TASK TO COMPLETE: Copy every entry exactly, but skip the pictures.

START RECORD EXTRACTS

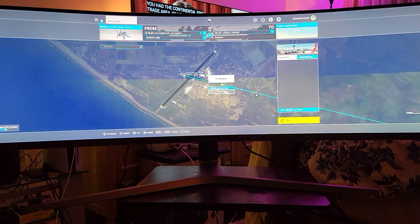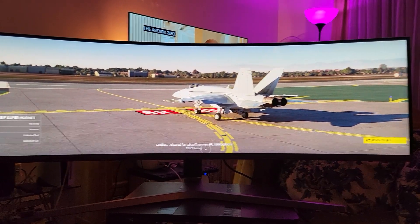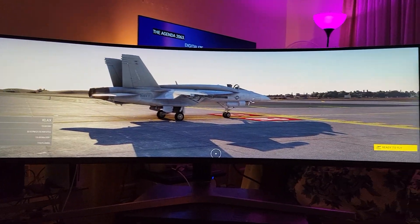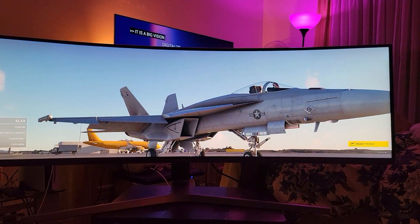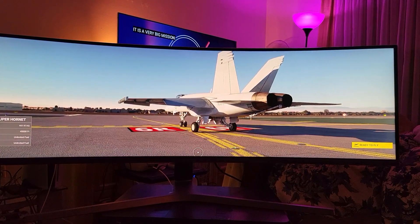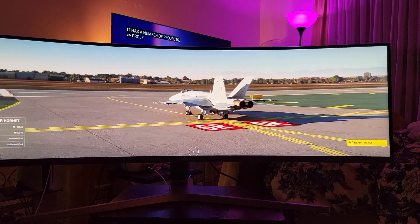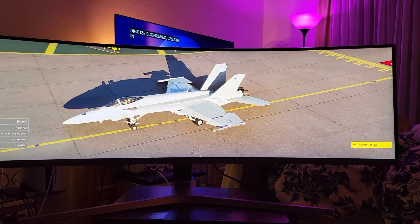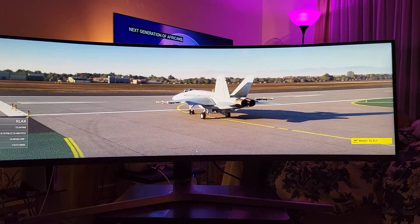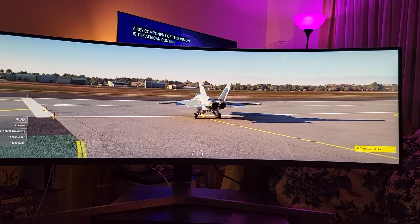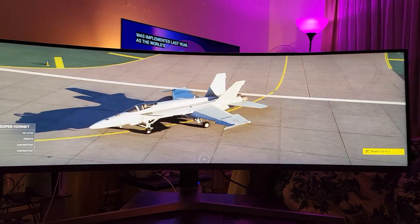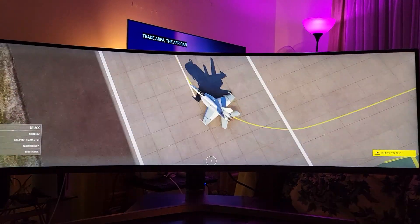We'll set LAX as an arrival and try it out. There it is — the F-18, ready to rock and roll. This is on Shadow, everything at ultra settings, 3840 by 1080, 32 by 9 ratio. It's pretty amazing. What can't you do on Shadow? So far I haven't found any limitations. We're going to be taking off here shortly.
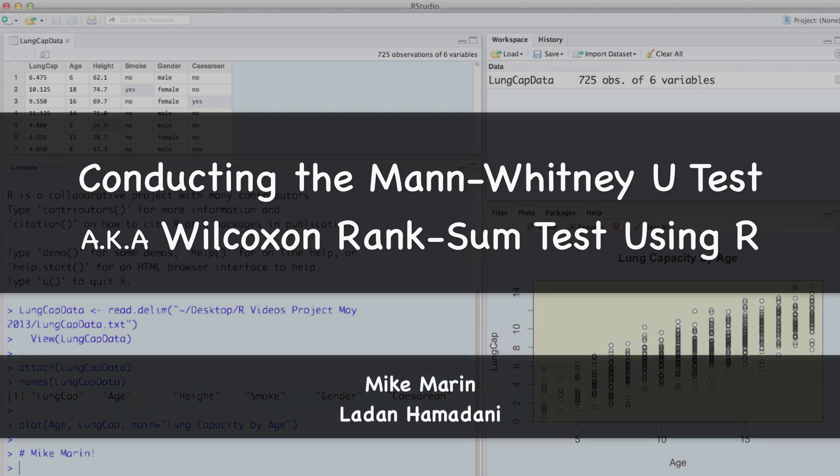Hi, I'm Mike Marin and in this video we'll talk about how to conduct the Mann-Whitney U test, also known as the Wilcoxon Rank Sum Test, using R.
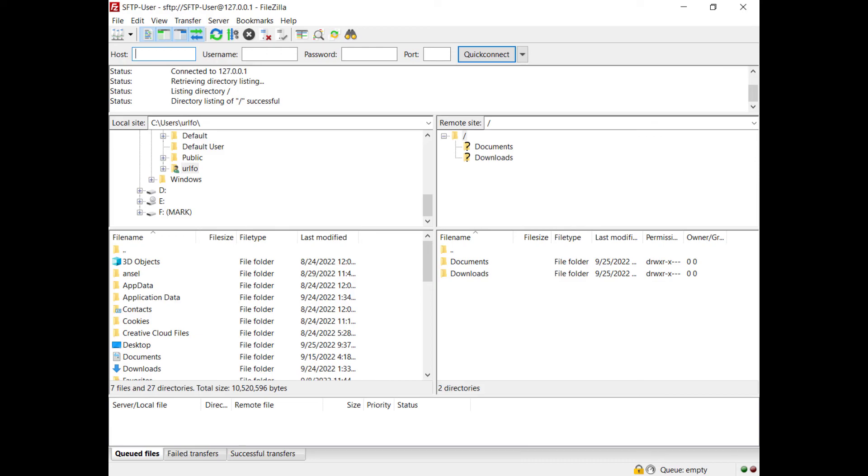In this video you learned how to configure FileZilla Pro Enterprise Server to authenticate SFTP users using public key authentication.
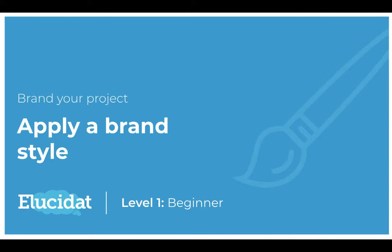Hello Elucidat Authors and welcome to this level 1 video on branding your project. In this video I'm going to show you how you can apply an existing brand style to one of your projects.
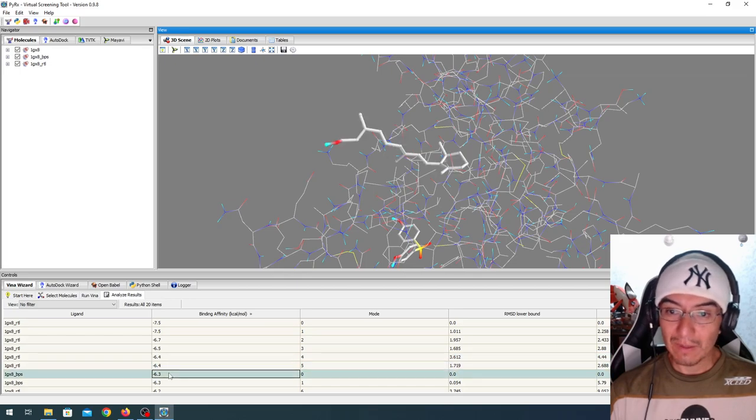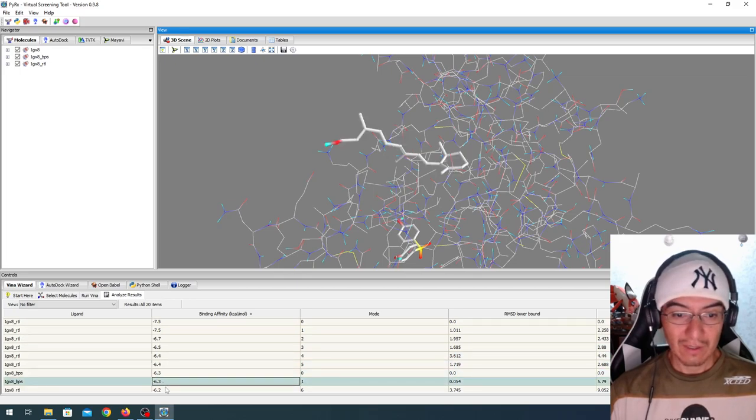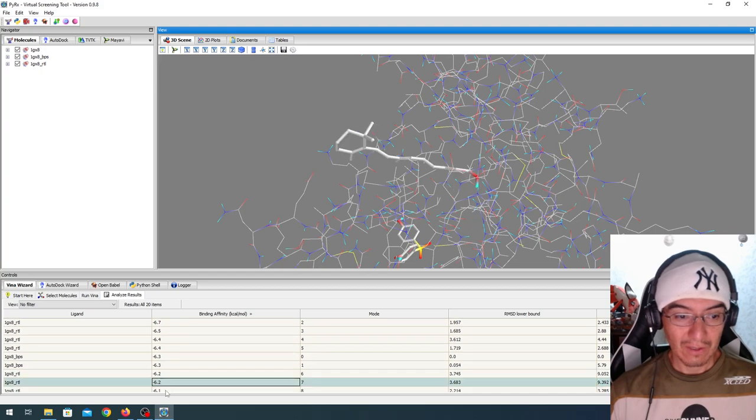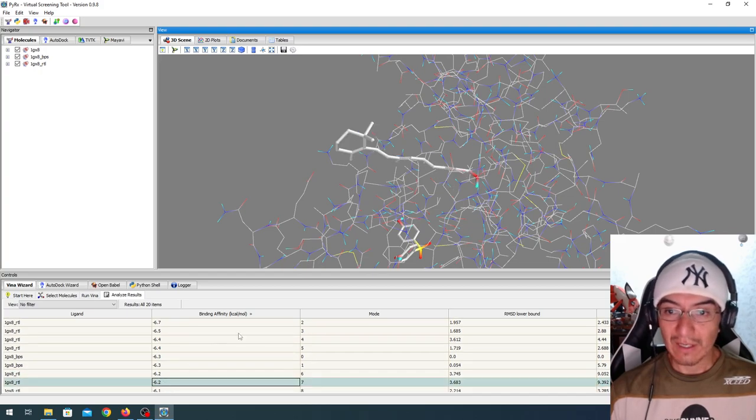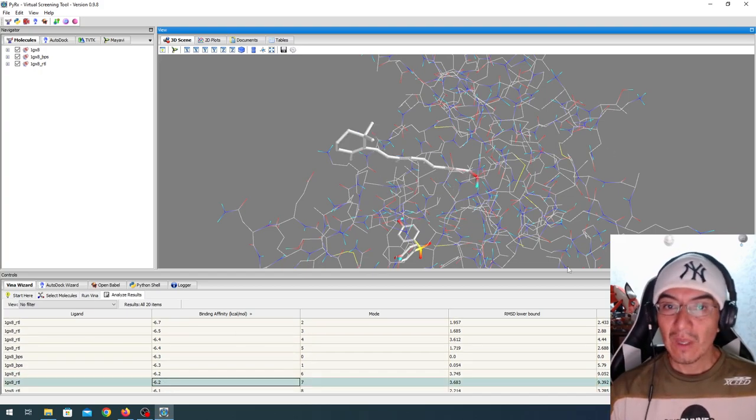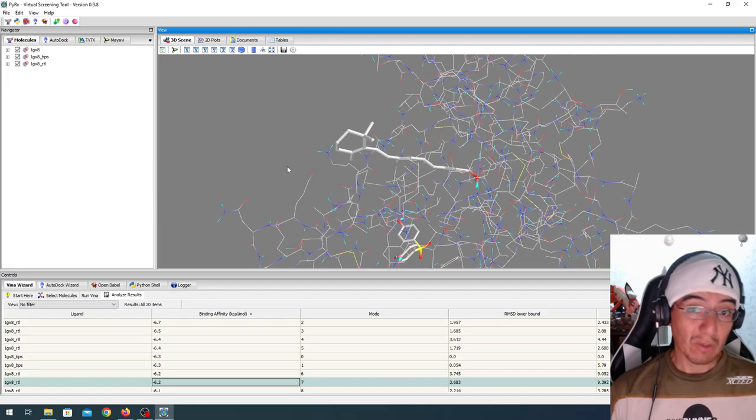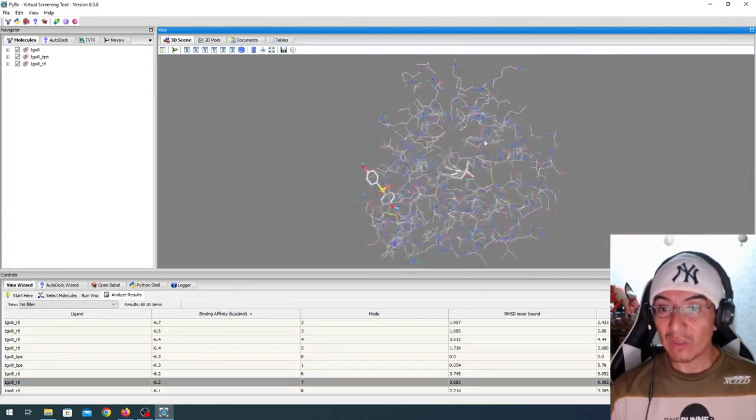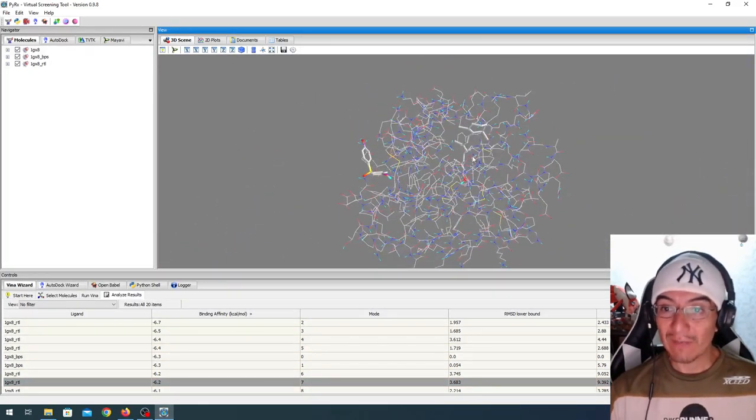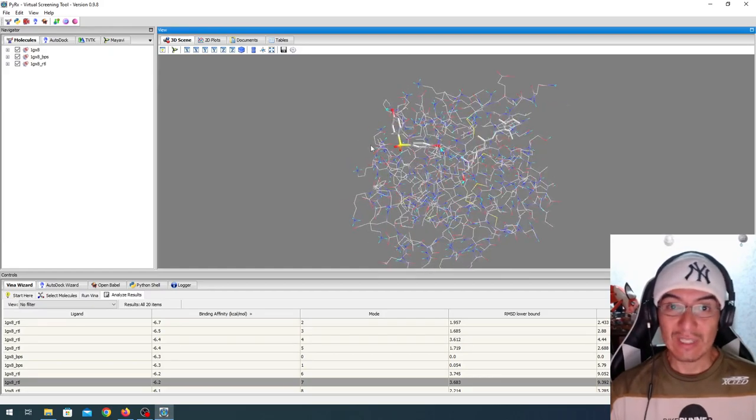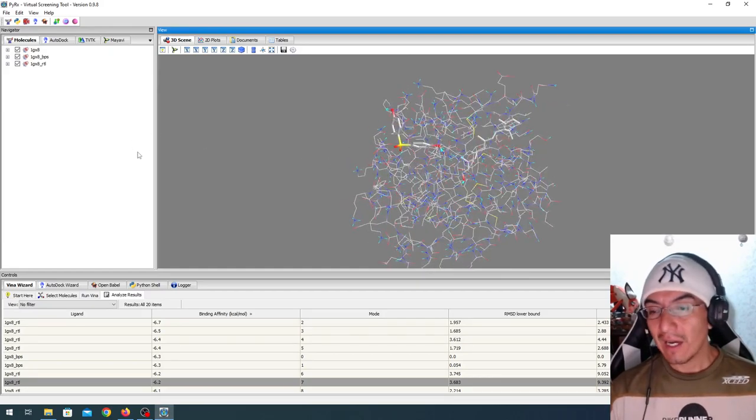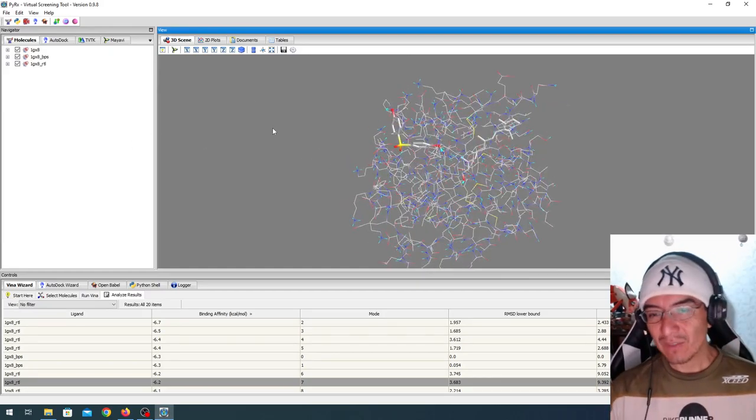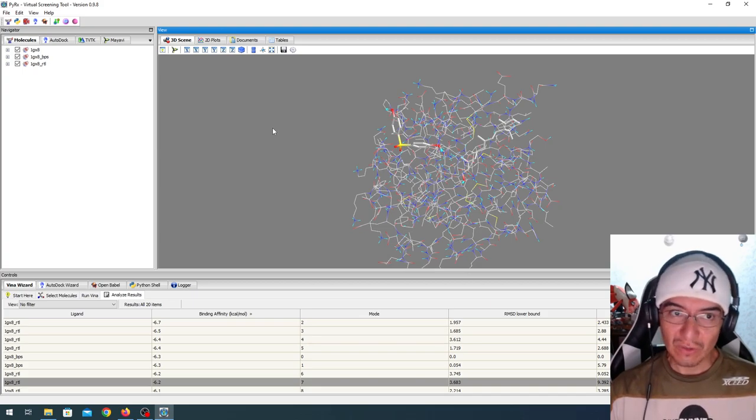And then BPS and RTL and retinol. That was pretty quick, pretty easy. We ran two dockings. One found the binding site, whereas the other didn't. But the analysis within PyRx is not as good.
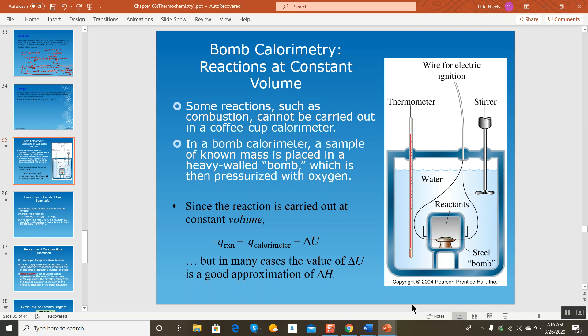Let's get into a discussion about bomb calorimetry. We talked about the low-tech version using a coffee cup or two styrofoam cups, but in the case of the bomb calorimeter, we use this generally to measure the enthalpy change for the combustion of organic substances.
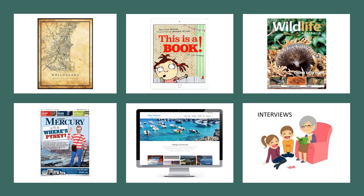Some of the sources of information you can use for your local history prize entry include maps, books, newspaper articles, websites, or even interviewing somebody who remembers how things were in the past. If you need a little bit of extra help, you can contact someone at your local branch of the library or in the local studies library at the Wollongong branch of the library.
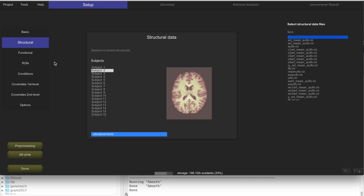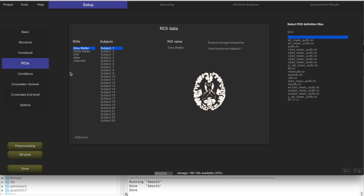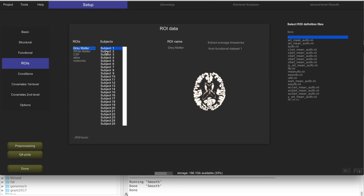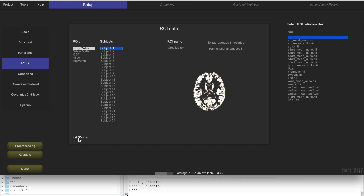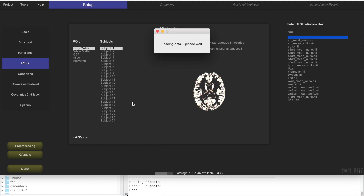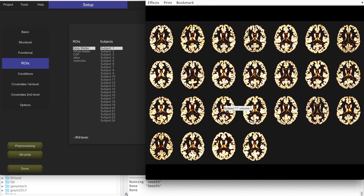In addition to normalizing and correcting for motion from the structural and functional data, there are three other sources of information that have been added to your CONN project automatically by the preprocessing step. The first is ROIs — CONN has created three ROIs for you: grey matter, white matter, and CSF, containing these three tissue classes for each subject. This is a mask of grey matter voxels for subject 1, 2, 3, all created by the segmentation step.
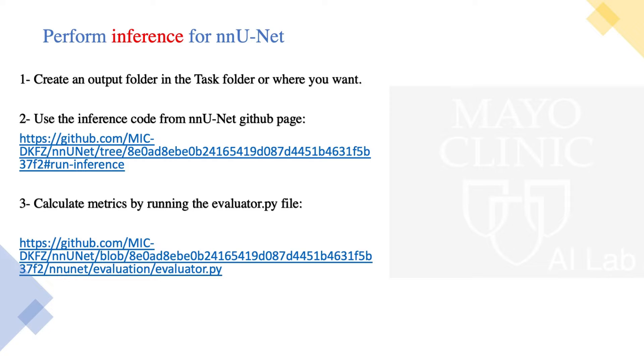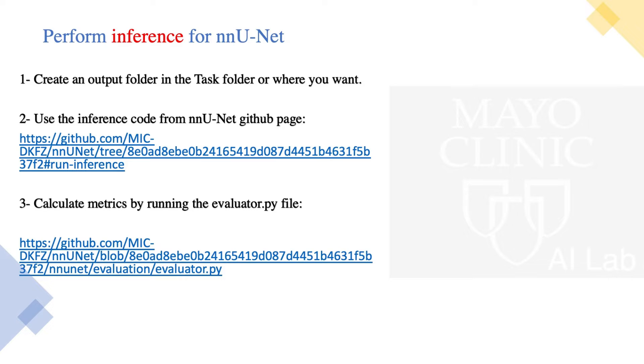Running inference for nnU-Net is easy if we follow these three main steps. First, we need to create an output folder. It is recommended to be in the task folder, but you can put it everywhere that you want. So we want a folder that we put our predictions and computed metrics in that folder, known as an output folder.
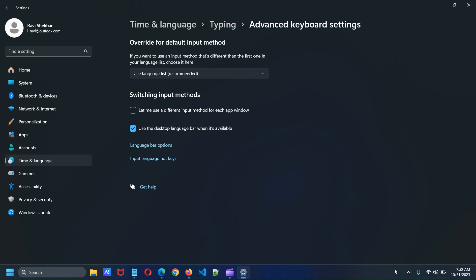So, this is how you can hide language icon from taskbar in Windows 11. Thank you for watching.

END RECORD EXTRACTS

RESPONSE:
We'll set LAX as an arrival and try it out. There it is — the F-18, ready to rock and roll. This is on Shadow, everything at ultra settings, 3840 by 1080, 32 by 9 ratio. It's pretty amazing. What can't you do on Shadow? So far I haven't found any limitations. We're going to be taking off here shortly.
Hi, I'm Mike Marin and in this video we'll talk about how to conduct the Mann-Whitney U test, also known as the Wilcoxon Rank Sum Test, using R.
In this video you learned how to configure FileZilla Pro Enterprise Server to authenticate SFTP users using public key authentication.
Hello Elucidat Authors and welcome to this level 1 video on branding your project. In this video I'm going to show you how you can apply an existing brand style to one of your projects.
And then BPS and RTL and retinol. That was pretty quick, pretty easy. We ran two dockings. One found the binding site, whereas the other didn't. But the analysis within PyRx is not as good.
Let's get into a discussion about bomb calorimetry. We talked about the low-tech version using a coffee cup or two styrofoam cups, but in the case of the bomb calorimeter, we use this generally to measure the enthalpy change for the combustion of organic substances.
Some of the sources of information you can use for your local history prize entry include maps, books, newspaper articles, websites, or even interviewing somebody who remembers how things were in the past. If you need a little bit of extra help, you can contact someone at your local branch of the library or in the local studies library at the Wollongong branch of the library.
In addition to normalizing and correcting for motion from the structural and functional data, there are three other sources of information that have been added to your CONN project automatically by the preprocessing step. The first is ROIs — CONN has created three ROIs for you: grey matter, white matter, and CSF, containing these three tissue classes for each subject. This is a mask of grey matter voxels for subject 1, 2, 3, all created by the segmentation step.
Running inference for nnU-Net is easy if we follow these three main steps. First, we need to create an output folder. It is recommended to be in the task folder, but you can put it everywhere that you want. So we want a folder that we put our predictions and computed metrics in that folder, known as an output folder.
So, this is how you can hide language icon from taskbar in Windows 11. Thank you for watching.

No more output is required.